Tak ada definisi pasti yang menggambarkan pada kita, apa itu rasa. Seseorang mungkin saja berujar mangga itu manis, yang lain mengatakan tidak cukup manis. Itulah rasa dengan satuan ukuran manis, asam, asin, pahit dan lain sebagainya. Tapi tak ada ukuran yang menunjuk angka pasti, seberapa maniskah? atau seberapa pahitkah?
Konon ada beberapa ilmuan yang mencoba membuat alat yang mengukur secara pasti tentang rasa ini. Mereka membuat semacam alat pengecap seperti indera manusia dengan menggunakan sensor tertentu yang dapat mengukur kandungan bahan dalam suatu makanan yang menciptakan rasa manis, asam, atau asin. Sehingga hasil perhitungan akumulasi bahan yang diukur dengan menggunakan persamaan tertentu tersebut yang nantinya menjadi ukuran rasa.
Namun pendefinisian tersebut hanya berbicara satu dimensi. Bagaimana dengan rasa cinta, benci, rindu yang berbeda dari rasa manis, asin atau asam? Mungkin dibelahan dunia lain ada para cendekia yang juga berusaha mendefinisikannya dengan ukuran pasti tentang cinta, benci atau rindu dengan menciptakan suatu alat tertentu.

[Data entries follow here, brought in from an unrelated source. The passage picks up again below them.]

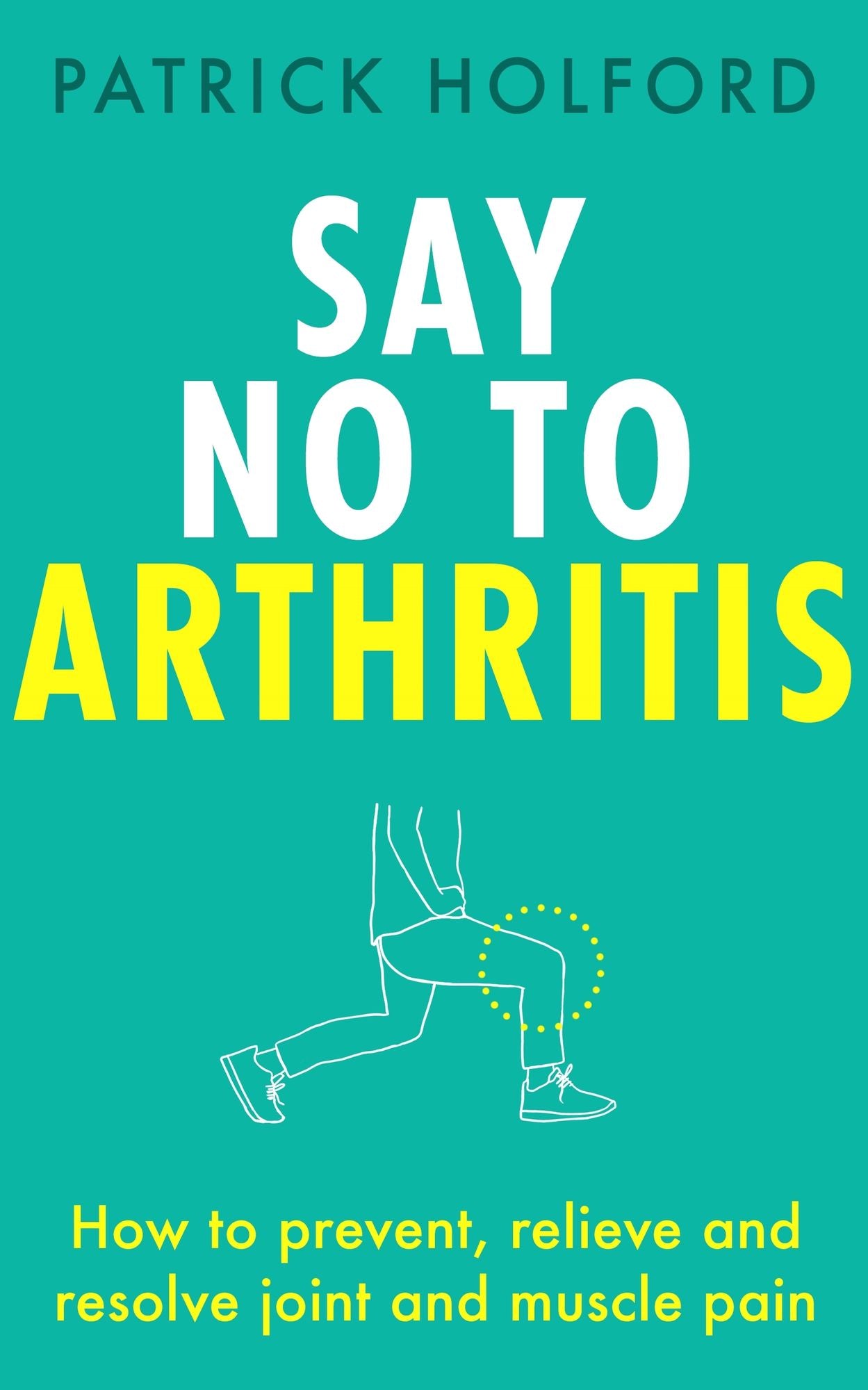 Say No To Arthritis: The proven drug-free guide to preventing and relieving arthritis
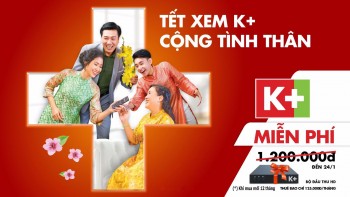 Khuyến mãi K+ dịp tết nguyên đán 2020
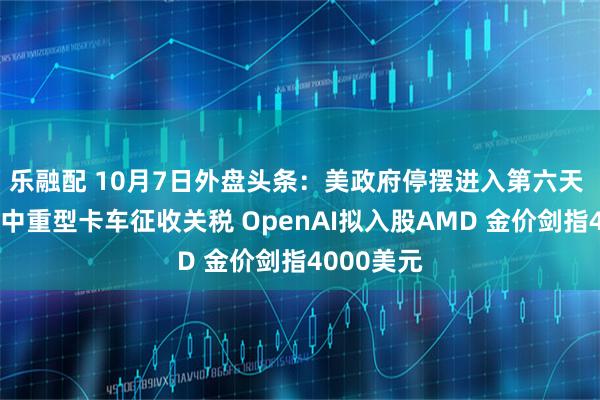 乐融配 10月7日外盘头条：美政府停摆进入第六天 美国将对中重型卡车征收关税 OpenAI拟入股AMD 金价剑指4000美元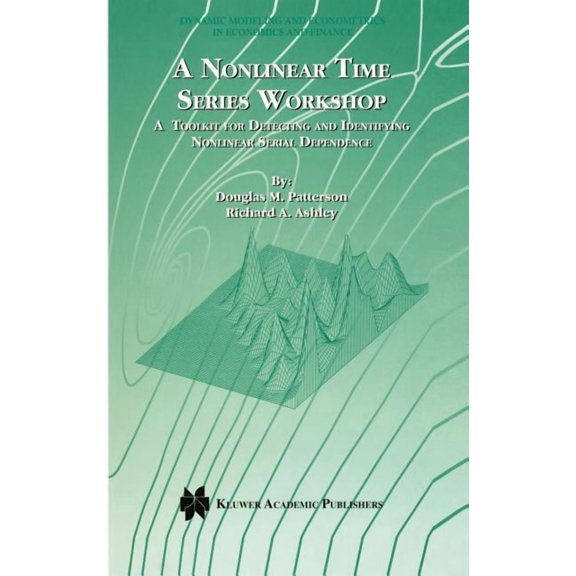 Dynamic Modeling and Econometrics in Eco A Nonlinear Time Series Workshop: A Toolkit for Detecting and Identifying Nonlinear Serial Dependence, Book 2, (Hardcover)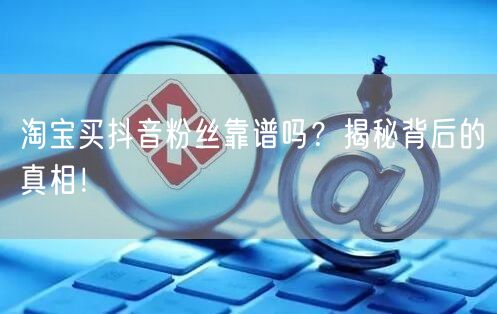 淘宝买抖音粉丝靠谱吗？揭秘背后的真相！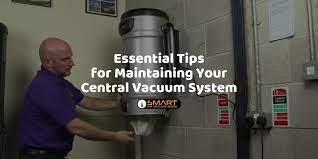 maintaining your central vacuum system
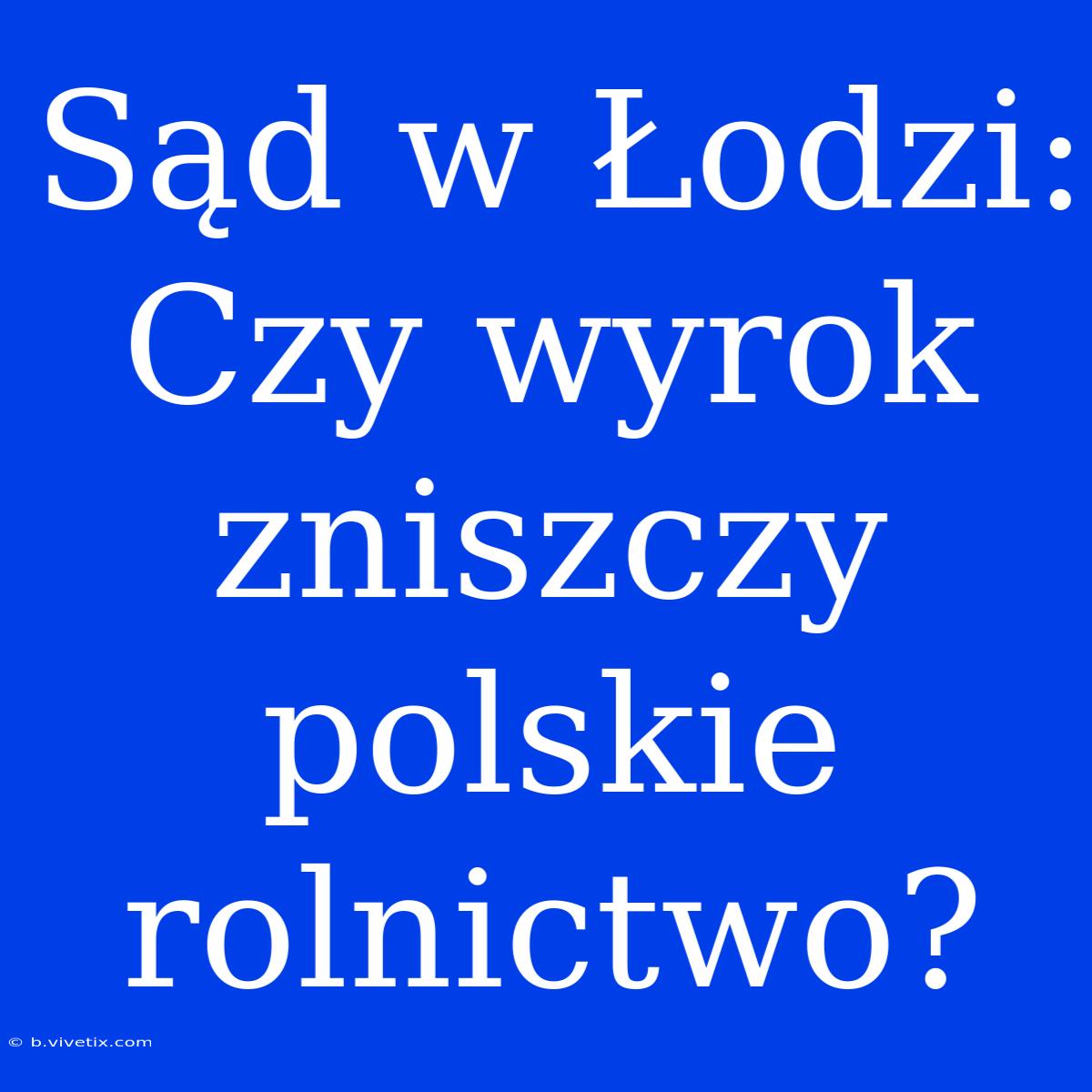 Sąd W Łodzi: Czy Wyrok Zniszczy Polskie Rolnictwo?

Tapi apalah gunanya semua itu? Perlukah rasa itu kita definisikan secara presisif?
Atau sebaiknya memang demikian adanya. Biar kan ia menjadi atribut yang mengekspresikan perubahan emosi dan sensasi. Toh, dalam diri kita sebagai manusia menangkap abstraksi kata tersebut tidaklah begitu sulit walaupun juga tidak presisif, seperti yang diharapkan oleh orang yang meng-ujarkan-nya. Selama hati kita sebagai manusia masih melekat sebagai satu ukuran kemanusiaan kita, kita akan tetap memahami kata tersebut. Agaknya yang lebih penting bagi kita memang ketersambungan frekuensi "rasa" tersebut satu dengan yang lain. Sehingga ia menjadi kata aktif yang bekerja dalam ruang hati yang menjadi pendorong empati. Kita tak berharap ia hanya rangkaian panjang kata yang membentuk makna yang memuaskan intelektualitas. Lebih dari, itu rasa adalah kata yang menunjukkan bahwa kita adalah manusia yang menjaga sisi kemanusiaannya.cukup.